まさに「中傷」である。そして、各党から抗議されると、足立議員は「陳謝し撤回したい」とすぐに応じた。足立議員が「犯罪者発言」を悪かったと思うなら、「陳謝」するのは当然である。でも、「撤回」をそう簡単に許してはならない。
多すぎる! 政治家の不適切発言
「綸言(りんげん)汗の如し」という言葉がある。「綸言」は「君主の言葉」を指し、君主がいったん口にしたことは、体から出た汗と同じで、元には戻せない。つまり、取り消したりはできない、という意味だ。中国の格言である。
足立議員を君主並みに扱うつもりはないが、一応は国政を預かる国会議員である。発言の撤回を許し、国会の議事録からも削除してしまえば、発言はなかったことになってしまう。そんな安易なことでいいのだろうか。
足立議員の発言のすぐあと、今度は自民党の山本幸三衆院議員が、アフリカ各国との交流に熱心な同僚議員について「何であんな黒いのがすきなのか」と発言した。差別的な発言だと批判を浴びると、「表現が誤解を招くということであれば」と、すぐに撤回してしまった。
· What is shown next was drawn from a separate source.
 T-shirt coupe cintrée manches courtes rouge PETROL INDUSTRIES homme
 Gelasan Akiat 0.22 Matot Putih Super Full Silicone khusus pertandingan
山本議員は地方創生相だった今年(2017年)4月にも、観光振興に文化財を活用することについて「一番のガンは文化学芸員だ。観光マインドが全くない。この連中を一掃しないといけない」と述べたが、批判を浴びると、すぐに撤回して、おわびしている。
「撤回すれば、それでよし」なのか?
麻生太郎副総理兼財務相も発言撤回については「常連」である。2013年には憲法改正論に関して「ドイツのワイマール憲法もいつの間にかナチス憲法に変わっていた。誰も気がつかなかった。あの手口に学んだらどうか」と発言し、批判されると、翌日には「不適切」と撤回した。
それなのに、この夏には「何百万人を殺したヒトラーはいくら動機が正しくても駄目だ」と、ナチスのユダヤ人虐殺を擁護したとも受け取られかねない発言をし、翌日にはまた「不適切」と撤回している。
政治家が暴言、失言、不適切発言をやらかしても、撤回すればそれでよし――。そんな風潮が世間にはあるのではないだろうか。それに甘えて、政治家は平気で暴言を繰り返す。僕にはそのように思えてならない。
もっとも、ここで書いたような発言は、取り立てて世の中に悪影響を及ぼすとも思えない。発言した政治家を「ばかだなあ」と、笑い飛ばしておいてもいい。
しかし、不用意な発言が、たとえば外国との戦争を引き起こすことだってありうるだろう。その意味で、私たちは政治家には常に「綸言汗の如し」という覚悟を持つよう求めたいのである。